[Web page caption snippets]

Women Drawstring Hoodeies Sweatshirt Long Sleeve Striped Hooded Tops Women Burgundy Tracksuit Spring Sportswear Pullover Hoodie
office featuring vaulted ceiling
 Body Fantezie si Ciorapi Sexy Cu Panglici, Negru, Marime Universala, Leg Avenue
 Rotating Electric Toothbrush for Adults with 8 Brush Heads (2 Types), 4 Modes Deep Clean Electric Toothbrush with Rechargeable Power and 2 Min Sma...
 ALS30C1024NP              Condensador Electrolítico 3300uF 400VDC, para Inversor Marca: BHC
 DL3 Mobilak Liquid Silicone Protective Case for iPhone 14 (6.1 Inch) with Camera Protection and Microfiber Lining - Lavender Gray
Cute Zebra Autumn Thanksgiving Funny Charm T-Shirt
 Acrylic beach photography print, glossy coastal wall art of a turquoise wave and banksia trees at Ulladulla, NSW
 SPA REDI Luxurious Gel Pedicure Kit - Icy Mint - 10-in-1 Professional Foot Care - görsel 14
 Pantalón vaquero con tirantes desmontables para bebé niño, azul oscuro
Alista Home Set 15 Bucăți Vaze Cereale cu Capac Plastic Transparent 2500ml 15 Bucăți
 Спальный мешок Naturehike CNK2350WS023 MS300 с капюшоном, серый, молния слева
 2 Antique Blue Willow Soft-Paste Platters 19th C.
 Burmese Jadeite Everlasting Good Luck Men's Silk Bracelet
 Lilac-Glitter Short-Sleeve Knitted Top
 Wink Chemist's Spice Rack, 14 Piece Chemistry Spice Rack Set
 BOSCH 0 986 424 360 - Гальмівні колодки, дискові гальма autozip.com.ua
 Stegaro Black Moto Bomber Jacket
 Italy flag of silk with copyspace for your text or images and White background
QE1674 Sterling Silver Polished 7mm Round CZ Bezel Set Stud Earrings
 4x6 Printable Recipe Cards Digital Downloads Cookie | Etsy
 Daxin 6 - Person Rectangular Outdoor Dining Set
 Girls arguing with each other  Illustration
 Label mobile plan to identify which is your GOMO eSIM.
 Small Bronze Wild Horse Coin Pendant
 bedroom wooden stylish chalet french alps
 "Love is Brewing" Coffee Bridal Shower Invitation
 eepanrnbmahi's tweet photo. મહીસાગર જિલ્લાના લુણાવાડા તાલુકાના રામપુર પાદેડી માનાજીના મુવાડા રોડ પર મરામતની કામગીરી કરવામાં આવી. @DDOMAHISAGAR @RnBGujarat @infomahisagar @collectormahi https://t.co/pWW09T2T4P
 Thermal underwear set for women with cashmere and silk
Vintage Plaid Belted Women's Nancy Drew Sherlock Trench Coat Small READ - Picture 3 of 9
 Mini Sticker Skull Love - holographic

▸ **Task instructions**: Copy the records above exactly, beginning at the line that contains "SPA REDI Luxurious" and stopping after the line that contains "bedroom wooden stylish chalet french alps".

▸ **Response**:
 SPA REDI Luxurious Gel Pedicure Kit - Icy Mint - 10-in-1 Professional Foot Care - görsel 14
 Pantalón vaquero con tirantes desmontables para bebé niño, azul oscuro
Alista Home Set 15 Bucăți Vaze Cereale cu Capac Plastic Transparent 2500ml 15 Bucăți
 Спальный мешок Naturehike CNK2350WS023 MS300 с капюшоном, серый, молния слева
 2 Antique Blue Willow Soft-Paste Platters 19th C.
 Burmese Jadeite Everlasting Good Luck Men's Silk Bracelet
 Lilac-Glitter Short-Sleeve Knitted Top
 Wink Chemist's Spice Rack, 14 Piece Chemistry Spice Rack Set
 BOSCH 0 986 424 360 - Гальмівні колодки, дискові гальма autozip.com.ua
 Stegaro Black Moto Bomber Jacket
 Italy flag of silk with copyspace for your text or images and White background
QE1674 Sterling Silver Polished 7mm Round CZ Bezel Set Stud Earrings
 4x6 Printable Recipe Cards Digital Downloads Cookie | Etsy
 Daxin 6 - Person Rectangular Outdoor Dining Set
 Girls arguing with each other  Illustration
 Label mobile plan to identify which is your GOMO eSIM.
 Small Bronze Wild Horse Coin Pendant
 bedroom wooden stylish chalet french alps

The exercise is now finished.